Gietelink L, Wouters M W J M, Marijnen C A M, van Groningen J, van Leersum N, Beets-Tan R G H, Tollenaar R A E M, Tanis P J
Department of Surgery, Leiden University Medical Center, Leiden, The Netherlands.
Department of Surgical Oncology, Netherlands Cancer Institute-Antoni van Leeuwenhoek, Amsterdam, The Netherlands; Scientific Board, Dutch Institute of Clinical Auditing, Leiden, The Netherlands.
Eur J Surg Oncol. 2017 Jul;43(7):1297-1303. doi: 10.1016/j.ejso.2016.12.019. Epub 2017 Mar 10.
BACKGROUND: The rate of preoperative radiotherapy (RT) for rectal cancer in the Netherlands has been the highest among European countries.
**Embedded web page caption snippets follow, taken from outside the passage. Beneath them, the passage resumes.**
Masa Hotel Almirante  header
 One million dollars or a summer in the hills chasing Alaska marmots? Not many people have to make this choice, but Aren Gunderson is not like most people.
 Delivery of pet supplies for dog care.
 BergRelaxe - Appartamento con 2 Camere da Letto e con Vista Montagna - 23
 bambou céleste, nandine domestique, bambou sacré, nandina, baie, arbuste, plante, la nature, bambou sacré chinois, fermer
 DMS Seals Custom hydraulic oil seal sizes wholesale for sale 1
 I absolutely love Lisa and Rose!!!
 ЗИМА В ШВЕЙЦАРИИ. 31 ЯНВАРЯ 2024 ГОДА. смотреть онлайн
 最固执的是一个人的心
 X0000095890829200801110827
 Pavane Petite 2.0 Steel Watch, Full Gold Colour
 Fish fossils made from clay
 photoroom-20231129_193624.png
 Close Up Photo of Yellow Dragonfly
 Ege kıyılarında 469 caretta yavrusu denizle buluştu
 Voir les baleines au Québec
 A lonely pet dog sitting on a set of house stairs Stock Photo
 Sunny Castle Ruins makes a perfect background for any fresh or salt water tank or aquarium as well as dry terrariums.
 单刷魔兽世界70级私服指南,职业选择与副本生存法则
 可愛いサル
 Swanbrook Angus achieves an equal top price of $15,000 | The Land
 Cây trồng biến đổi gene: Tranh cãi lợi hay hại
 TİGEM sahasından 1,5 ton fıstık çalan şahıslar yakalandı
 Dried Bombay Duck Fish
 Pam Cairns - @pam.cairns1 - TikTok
Revision of the national guideline on colorectal cancer, officially published in 2014, specifically focussed on the indication for RT and MRI criteria to evaluate mesorectal lymph nodes. The objective of this study was to evaluate implementation of the revised guideline using a national audit. METHODS: Data of the Dutch Surgical Colorectal Audit (DSCA) between 2009 and 2014 were used to evaluate RT use and RT regimen for relevant subgroups of cM0 rectal cancer patients, as well as accuracy of pre-operative MRI. RESULTS: 14,018 patients were included for analysis. Overall RT use in cT1-4N0-2M0 stage ranged from 81.4% to 84.2% between 2009 and 2013, and decreased to 64.4% in 2014. The absolute decrease in RT use from 2013 to 2014 for cT1N0, cT2N0 and cT3N0 stage was 32.8%, 43.5% and 31.6%, respectively. Short course RT with delayed surgery was used as an alternative to chemoradiotherapy up to 2013 in 30.6% of patients over 80 years, and in 12.1% of patients with an ASA score >2; these percentages increased to 45.8% and 19.9% in 2014, respectively. Specificity of MRI for N-stage decreased from 82.9% in 2009 to 62.9% in 2013, with an increase to 73.2% in 2014. CONCLUSION: The revised national guideline on colorectal cancer was rapidly implemented in the Netherlands with a substantial decrease in RT use for low risk resectable rectal cancer, and increased specificity of MRI for N-staging.
背景:在欧洲国家中,荷兰直肠癌术前放疗(RT)的比例一直是最高的。2014年正式发布的国家结直肠癌指南修订版特别关注了放疗指征以及评估直肠系膜淋巴结的MRI标准。本研究的目的是通过全国性审计来评估修订后指南的实施情况。 方法:使用2009年至2014年荷兰结直肠外科审计(DSCA)的数据,评估cM0直肠癌患者相关亚组的放疗使用情况和放疗方案,以及术前MRI的准确性。 结果:纳入14018例患者进行分析。2009年至2013年,cT1-4N0-2M0期患者的总体放疗使用率在81.4%至84.2%之间,2014年降至64.4%。2013年至2014年,cT1N0、cT2N0和cT3N0期放疗使用率的绝对下降率分别为32.8%、43.5%和31.6%。截至2013年,80岁以上患者中有30.6%、美国麻醉医师协会(ASA)评分>2的患者中有12.1%使用短程放疗加延迟手术作为放化疗的替代方案;2014年,这些比例分别增至45.8%和19.9%。MRI对N分期的特异性从2009年的82.9%降至2013年的62.9%,2014年增至73.2%。 结论:荷兰迅速实施了修订后的国家结直肠癌指南,低风险可切除直肠癌的放疗使用率大幅下降,MRI对N分期的特异性提高。